Making POSIX filesystems replicated and highly available

ZeroFS stores a POSIX filesystem in a log-structured database that lives in an S3 bucket. Running that on one node is straightforward. Surviving the loss of the node is harder than it first looks, because the obvious ways to add a second one quietly weaken durability, and on a filesystem durability is the entire contract. Downtime is recoverable; a write the caller already saw acknowledged is not. Holding that line across a failover is most of what high availability in ZeroFS comes down to.

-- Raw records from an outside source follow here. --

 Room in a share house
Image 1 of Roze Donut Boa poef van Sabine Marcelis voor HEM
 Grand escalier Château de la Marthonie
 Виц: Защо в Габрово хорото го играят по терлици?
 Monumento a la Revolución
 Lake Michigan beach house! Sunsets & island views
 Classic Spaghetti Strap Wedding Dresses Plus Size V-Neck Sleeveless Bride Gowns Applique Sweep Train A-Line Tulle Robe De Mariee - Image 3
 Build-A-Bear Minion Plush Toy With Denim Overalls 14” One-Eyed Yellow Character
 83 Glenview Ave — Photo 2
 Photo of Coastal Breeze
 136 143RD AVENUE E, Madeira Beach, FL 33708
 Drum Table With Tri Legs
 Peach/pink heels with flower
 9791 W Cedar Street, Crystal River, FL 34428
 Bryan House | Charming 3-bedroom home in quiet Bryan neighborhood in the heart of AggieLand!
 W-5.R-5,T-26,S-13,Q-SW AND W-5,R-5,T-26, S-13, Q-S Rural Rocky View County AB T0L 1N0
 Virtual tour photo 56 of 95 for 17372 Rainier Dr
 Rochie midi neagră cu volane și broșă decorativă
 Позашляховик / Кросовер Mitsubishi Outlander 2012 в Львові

Where a single node runs out

Object storage is durable but slow and charged per request, so committing every filesystem operation as its own upload would saddle each write with tens of milliseconds and a billed PUT. ZeroFS does what any LSM engine does and buffers writes in an in-memory memtable, flushing them to the bucket in batches: on fsync, when the memtable fills, and on a periodic timer. A write() returns as soon as the data reaches the memtable, and fsync() is what pushes it the rest of the way to S3.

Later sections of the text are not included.